Is there a better way to think about the relationship between theologians and the church’s hierarchy? I think so. If we focus our hope for the church on the personality or policy proclivities of this or the last or the next pope, we simply perpetuate the Vatican’s tendency to identify the church with the magisterium and the magisterium with the pope. That, in turn, contributes to the ill-conceived conviction that all theological wisdom must spring from a single source. This fixation is problematic even-perhaps especially-if we grant that John Paul II and Benedict XVI are genuine and even important theologians. This fixation on the papacy results in the steady theological impoverishment of the church as a whole, precisely at a time when the task of articulating the church’s faith is urgent and daunting. The effort by the Vatican and its allies to control theological debate reflects little trust in the capacity of theologians to criticize one another-something they have never been reluctant to do-and even less trust in the best-educated laity in Catholic history that is hungry for intellectual engagement with the faith that is not condensed and condescending. Defenders of the CDF’s actions like to say that theology is an ecclesial, not merely an academic, vocation. I agree. It is precisely because theology is done by and for the church that it requires the highest gifts of theological intelligence and imagination. Some of the best theological talent available to the church today is found outside the clergy. If these lay theologians teach in Catholic colleges or seminaries, they are placed under strict control; if they teach in Protestant or secular schools, they are largely ignored. Many in the hierarchy seem indifferent to the academic theological community, while others seem hostile to the climate of intellectual freedom that theology needs.
[To print and/or read the whole essay, click here. Here is the concluding paragraph:]

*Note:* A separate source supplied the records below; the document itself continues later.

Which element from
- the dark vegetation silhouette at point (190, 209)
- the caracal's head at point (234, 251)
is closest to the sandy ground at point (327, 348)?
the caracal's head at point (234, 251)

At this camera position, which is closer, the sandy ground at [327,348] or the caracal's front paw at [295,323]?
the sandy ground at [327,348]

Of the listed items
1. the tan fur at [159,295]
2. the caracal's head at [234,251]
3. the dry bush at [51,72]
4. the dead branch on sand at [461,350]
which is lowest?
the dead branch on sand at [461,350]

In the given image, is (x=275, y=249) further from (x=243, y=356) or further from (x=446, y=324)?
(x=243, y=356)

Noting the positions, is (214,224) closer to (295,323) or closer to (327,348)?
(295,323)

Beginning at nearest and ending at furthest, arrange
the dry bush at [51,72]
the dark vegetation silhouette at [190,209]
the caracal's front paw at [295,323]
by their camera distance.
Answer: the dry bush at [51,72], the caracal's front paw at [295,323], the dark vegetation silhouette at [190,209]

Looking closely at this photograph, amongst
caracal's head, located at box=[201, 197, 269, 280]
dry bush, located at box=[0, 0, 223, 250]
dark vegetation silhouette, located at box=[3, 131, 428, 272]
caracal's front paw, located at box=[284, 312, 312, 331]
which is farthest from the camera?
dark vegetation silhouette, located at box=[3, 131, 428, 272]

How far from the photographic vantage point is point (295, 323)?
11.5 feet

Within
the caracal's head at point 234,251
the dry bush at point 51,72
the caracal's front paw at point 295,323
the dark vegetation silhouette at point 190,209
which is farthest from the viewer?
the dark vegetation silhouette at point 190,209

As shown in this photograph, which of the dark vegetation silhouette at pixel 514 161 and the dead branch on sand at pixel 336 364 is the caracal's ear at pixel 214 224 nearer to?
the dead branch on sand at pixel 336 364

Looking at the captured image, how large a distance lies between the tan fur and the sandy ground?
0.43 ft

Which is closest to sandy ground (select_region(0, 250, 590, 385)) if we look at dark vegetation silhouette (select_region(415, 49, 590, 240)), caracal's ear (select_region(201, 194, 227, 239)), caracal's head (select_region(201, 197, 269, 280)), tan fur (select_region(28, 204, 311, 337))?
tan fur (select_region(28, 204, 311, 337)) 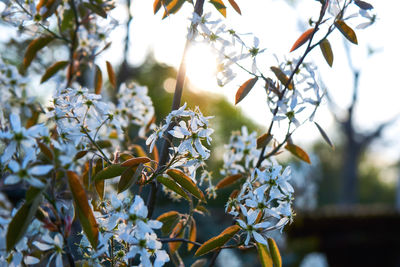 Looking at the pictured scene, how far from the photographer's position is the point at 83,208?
667 millimetres

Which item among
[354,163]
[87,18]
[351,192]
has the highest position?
[87,18]

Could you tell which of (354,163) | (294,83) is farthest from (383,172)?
(294,83)

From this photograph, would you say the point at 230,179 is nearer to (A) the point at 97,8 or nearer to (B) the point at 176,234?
(B) the point at 176,234

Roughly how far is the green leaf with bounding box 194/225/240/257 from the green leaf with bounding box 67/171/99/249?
219 mm

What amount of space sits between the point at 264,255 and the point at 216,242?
105 millimetres

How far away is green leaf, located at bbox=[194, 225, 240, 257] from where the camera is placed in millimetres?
782

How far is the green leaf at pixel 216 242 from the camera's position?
782 mm

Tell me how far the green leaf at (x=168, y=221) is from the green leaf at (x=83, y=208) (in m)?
0.29

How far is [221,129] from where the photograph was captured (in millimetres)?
11945

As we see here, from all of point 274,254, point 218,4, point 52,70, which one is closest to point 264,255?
point 274,254

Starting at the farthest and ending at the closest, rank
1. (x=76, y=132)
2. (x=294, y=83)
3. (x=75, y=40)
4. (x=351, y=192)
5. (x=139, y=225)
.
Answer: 1. (x=351, y=192)
2. (x=75, y=40)
3. (x=294, y=83)
4. (x=76, y=132)
5. (x=139, y=225)

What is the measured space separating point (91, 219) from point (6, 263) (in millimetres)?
214

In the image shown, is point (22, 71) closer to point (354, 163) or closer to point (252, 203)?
point (252, 203)

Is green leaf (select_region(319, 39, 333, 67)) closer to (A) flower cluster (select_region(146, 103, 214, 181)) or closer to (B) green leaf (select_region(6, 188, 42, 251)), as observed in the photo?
(A) flower cluster (select_region(146, 103, 214, 181)) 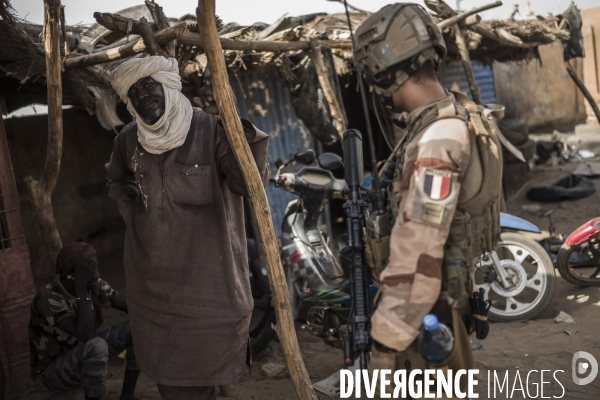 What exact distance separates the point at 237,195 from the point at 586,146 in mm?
10030

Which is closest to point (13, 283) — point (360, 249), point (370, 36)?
point (360, 249)

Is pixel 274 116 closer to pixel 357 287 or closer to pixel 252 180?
pixel 252 180

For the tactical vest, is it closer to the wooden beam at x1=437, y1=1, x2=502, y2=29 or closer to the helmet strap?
the helmet strap

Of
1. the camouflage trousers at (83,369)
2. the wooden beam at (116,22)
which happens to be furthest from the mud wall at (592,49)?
the camouflage trousers at (83,369)

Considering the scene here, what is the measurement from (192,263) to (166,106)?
671mm

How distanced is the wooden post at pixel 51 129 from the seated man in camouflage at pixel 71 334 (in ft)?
1.85

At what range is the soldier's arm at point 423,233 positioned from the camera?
1.86m

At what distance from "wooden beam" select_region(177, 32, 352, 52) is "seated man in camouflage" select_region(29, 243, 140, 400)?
1439 mm

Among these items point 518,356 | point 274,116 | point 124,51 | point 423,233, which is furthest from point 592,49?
point 423,233

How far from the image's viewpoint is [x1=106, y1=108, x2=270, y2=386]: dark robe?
250 cm

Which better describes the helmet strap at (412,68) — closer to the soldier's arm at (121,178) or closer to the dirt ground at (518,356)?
the soldier's arm at (121,178)

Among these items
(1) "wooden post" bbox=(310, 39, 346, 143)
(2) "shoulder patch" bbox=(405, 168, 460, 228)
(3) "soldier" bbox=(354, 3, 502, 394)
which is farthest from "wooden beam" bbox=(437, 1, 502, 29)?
(2) "shoulder patch" bbox=(405, 168, 460, 228)

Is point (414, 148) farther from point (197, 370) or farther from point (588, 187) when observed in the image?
point (588, 187)

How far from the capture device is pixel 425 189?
6.14ft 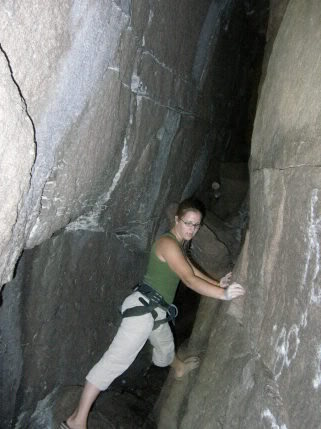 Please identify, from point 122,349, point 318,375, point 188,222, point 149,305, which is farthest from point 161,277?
point 318,375

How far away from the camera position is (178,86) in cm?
362

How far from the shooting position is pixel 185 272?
281cm

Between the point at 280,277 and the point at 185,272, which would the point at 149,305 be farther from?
the point at 280,277

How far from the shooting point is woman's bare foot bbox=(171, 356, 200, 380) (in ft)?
11.8

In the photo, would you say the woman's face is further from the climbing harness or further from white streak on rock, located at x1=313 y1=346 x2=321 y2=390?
white streak on rock, located at x1=313 y1=346 x2=321 y2=390

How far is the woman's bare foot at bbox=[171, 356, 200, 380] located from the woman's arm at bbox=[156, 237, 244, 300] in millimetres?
1177

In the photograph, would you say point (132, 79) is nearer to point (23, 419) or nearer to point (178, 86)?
point (178, 86)

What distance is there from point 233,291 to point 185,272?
41 centimetres

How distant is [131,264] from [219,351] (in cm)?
151

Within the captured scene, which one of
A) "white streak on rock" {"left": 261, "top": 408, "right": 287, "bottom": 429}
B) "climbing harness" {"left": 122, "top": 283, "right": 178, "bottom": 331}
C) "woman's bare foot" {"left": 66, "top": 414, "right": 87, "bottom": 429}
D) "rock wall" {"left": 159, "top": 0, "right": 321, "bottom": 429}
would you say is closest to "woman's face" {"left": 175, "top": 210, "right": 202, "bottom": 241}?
"rock wall" {"left": 159, "top": 0, "right": 321, "bottom": 429}

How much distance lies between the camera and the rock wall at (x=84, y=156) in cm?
161

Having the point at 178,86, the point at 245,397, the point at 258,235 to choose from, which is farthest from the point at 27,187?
the point at 178,86

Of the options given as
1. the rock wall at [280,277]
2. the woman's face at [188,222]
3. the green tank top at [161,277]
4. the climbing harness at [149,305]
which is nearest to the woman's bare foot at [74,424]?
the rock wall at [280,277]

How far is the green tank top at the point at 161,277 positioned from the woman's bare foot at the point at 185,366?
0.85 m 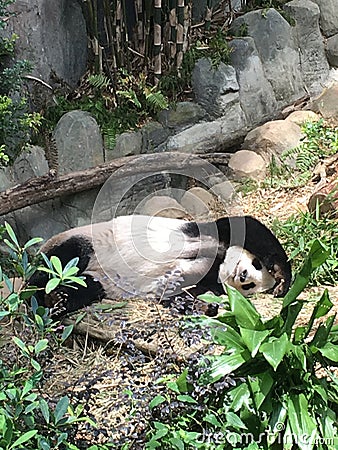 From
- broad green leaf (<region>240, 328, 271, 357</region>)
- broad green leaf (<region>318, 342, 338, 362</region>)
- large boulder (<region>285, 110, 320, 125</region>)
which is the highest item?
large boulder (<region>285, 110, 320, 125</region>)

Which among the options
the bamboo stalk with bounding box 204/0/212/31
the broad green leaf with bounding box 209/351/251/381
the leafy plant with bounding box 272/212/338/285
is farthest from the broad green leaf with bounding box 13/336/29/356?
the bamboo stalk with bounding box 204/0/212/31

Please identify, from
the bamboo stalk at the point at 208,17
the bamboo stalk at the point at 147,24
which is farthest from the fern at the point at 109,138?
the bamboo stalk at the point at 208,17

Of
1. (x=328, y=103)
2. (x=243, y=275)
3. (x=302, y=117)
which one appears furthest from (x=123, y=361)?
(x=328, y=103)

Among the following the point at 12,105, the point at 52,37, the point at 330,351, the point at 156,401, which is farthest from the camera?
the point at 52,37

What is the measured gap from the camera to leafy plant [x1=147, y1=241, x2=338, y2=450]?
8.54 feet

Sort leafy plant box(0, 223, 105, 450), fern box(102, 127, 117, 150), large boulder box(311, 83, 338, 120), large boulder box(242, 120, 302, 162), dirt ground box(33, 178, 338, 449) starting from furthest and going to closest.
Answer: large boulder box(311, 83, 338, 120), large boulder box(242, 120, 302, 162), fern box(102, 127, 117, 150), dirt ground box(33, 178, 338, 449), leafy plant box(0, 223, 105, 450)

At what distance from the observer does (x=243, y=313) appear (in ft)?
9.33

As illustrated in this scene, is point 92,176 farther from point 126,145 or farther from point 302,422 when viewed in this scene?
point 302,422

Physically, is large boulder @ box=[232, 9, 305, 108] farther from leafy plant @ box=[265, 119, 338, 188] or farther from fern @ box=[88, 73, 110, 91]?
fern @ box=[88, 73, 110, 91]

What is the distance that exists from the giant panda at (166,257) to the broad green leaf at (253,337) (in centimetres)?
117

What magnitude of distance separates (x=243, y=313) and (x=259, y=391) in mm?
350

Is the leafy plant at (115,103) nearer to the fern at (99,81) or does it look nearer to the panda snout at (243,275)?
the fern at (99,81)

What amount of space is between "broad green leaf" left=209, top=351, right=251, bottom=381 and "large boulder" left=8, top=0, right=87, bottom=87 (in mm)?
3468

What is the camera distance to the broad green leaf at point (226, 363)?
2.68 metres
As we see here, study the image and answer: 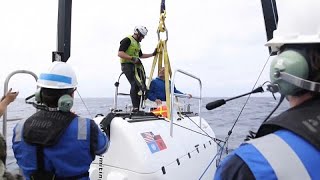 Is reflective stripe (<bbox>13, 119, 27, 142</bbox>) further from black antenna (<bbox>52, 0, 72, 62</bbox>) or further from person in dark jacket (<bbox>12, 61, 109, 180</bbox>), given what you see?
black antenna (<bbox>52, 0, 72, 62</bbox>)

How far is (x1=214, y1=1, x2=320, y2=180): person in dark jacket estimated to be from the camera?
3.46 ft

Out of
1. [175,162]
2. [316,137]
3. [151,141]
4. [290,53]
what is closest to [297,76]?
[290,53]

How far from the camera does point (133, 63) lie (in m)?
5.85

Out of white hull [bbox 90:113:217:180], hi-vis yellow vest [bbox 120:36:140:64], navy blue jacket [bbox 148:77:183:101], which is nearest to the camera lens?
white hull [bbox 90:113:217:180]

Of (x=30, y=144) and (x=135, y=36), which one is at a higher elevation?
(x=135, y=36)

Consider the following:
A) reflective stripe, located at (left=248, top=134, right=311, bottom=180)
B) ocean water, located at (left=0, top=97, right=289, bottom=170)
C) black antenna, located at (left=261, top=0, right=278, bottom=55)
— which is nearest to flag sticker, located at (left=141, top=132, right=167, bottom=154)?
ocean water, located at (left=0, top=97, right=289, bottom=170)

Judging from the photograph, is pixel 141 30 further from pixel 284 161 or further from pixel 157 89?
pixel 284 161

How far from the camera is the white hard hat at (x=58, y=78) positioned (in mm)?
2734

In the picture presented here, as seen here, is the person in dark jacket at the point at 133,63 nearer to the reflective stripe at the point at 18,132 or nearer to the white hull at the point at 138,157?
the white hull at the point at 138,157

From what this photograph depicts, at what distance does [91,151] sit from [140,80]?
3.12m

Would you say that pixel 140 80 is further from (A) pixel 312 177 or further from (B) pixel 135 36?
(A) pixel 312 177

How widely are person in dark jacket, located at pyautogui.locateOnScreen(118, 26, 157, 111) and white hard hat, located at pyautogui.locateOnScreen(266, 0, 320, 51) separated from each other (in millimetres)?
4432

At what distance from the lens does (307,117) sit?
3.69 ft

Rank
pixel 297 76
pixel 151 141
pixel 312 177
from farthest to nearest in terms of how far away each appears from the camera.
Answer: pixel 151 141
pixel 297 76
pixel 312 177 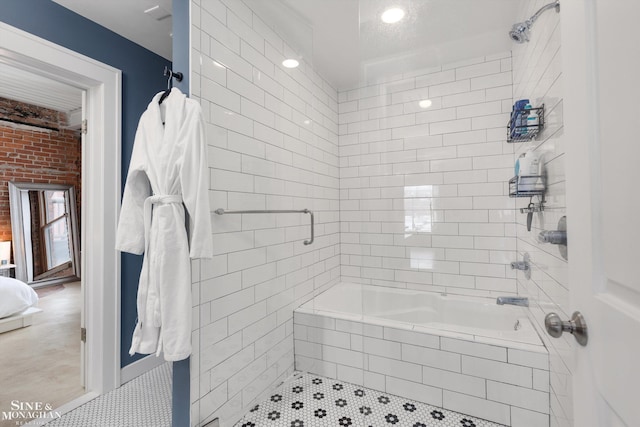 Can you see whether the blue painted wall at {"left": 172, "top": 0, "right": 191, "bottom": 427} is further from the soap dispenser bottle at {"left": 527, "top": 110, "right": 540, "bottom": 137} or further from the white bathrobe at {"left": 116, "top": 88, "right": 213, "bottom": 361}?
the soap dispenser bottle at {"left": 527, "top": 110, "right": 540, "bottom": 137}

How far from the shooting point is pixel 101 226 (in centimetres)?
204

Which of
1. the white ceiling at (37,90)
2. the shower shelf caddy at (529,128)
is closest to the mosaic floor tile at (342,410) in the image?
the shower shelf caddy at (529,128)

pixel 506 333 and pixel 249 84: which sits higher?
pixel 249 84

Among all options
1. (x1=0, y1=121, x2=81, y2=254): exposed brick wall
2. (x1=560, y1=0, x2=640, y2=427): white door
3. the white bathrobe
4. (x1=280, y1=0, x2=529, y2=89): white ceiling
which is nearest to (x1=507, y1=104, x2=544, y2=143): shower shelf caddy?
(x1=280, y1=0, x2=529, y2=89): white ceiling

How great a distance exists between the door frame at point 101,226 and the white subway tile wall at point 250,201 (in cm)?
101

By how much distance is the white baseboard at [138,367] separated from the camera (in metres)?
2.14

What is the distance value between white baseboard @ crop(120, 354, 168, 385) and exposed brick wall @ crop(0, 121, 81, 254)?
414 centimetres

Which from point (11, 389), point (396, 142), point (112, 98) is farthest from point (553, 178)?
point (11, 389)

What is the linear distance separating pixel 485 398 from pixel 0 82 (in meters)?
5.11

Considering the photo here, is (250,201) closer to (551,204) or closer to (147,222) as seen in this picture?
(147,222)

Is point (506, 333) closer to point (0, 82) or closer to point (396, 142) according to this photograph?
point (396, 142)

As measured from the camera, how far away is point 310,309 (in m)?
2.28

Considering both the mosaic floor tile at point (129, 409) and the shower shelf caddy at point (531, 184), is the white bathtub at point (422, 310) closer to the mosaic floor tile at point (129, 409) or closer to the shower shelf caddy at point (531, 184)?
the shower shelf caddy at point (531, 184)

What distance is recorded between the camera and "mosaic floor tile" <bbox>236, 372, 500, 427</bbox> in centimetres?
168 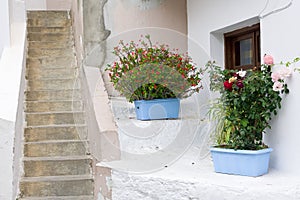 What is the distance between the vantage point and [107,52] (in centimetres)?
402

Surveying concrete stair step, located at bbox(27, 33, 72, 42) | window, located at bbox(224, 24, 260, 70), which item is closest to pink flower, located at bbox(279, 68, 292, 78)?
window, located at bbox(224, 24, 260, 70)

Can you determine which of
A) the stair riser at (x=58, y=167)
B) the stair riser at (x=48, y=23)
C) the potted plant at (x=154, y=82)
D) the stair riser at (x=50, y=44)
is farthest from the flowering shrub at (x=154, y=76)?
the stair riser at (x=48, y=23)

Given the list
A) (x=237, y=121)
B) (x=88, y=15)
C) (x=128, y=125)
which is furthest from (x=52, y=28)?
(x=237, y=121)

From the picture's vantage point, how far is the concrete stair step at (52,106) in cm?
407

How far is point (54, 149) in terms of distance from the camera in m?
3.65

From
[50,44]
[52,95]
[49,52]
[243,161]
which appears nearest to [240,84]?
[243,161]

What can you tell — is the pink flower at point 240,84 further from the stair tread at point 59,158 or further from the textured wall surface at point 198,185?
the stair tread at point 59,158

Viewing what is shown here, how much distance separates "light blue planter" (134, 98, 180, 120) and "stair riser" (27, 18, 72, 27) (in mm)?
2629

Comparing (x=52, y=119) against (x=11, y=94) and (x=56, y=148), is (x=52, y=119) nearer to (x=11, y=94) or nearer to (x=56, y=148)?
(x=56, y=148)

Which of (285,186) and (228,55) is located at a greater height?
(228,55)

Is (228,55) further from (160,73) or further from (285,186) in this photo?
(285,186)

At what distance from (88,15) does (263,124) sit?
2353 mm

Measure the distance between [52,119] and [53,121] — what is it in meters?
0.02

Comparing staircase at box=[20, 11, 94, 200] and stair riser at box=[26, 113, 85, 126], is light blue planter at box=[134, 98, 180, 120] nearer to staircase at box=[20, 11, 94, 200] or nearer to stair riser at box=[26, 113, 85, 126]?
staircase at box=[20, 11, 94, 200] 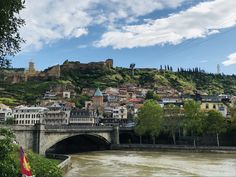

The theological impoverishment of the church today is real and if
something is not changed, it will undoubtedly get worse. Perhaps it’s
too much to hope that the present model of the church as household can
open itself to a healthy conversation with the image of the church as
the living body of the resurrected Christ, particularly if the present
heads of household think that theirs is the only model that is true to
revelation. But they are wrong. The alternative (and, I insist,
complementary) image of the church is, if anything, truer to the good
news as found in Scripture. Those of us who long for a church in which
it is possible to be both smart and holy, both loyal and critical, live
in hope that something of this vision may gain recognition. Still,
suppose the big chill continues, through the papacy of Benedict XVI
(despite our fondest hopes) and the papacies to follow. What can
theologians do? They can continue to speak prophecy and to practice
discernment among God’s people. What is at stake is the integrity of
the church’s witness to the living God.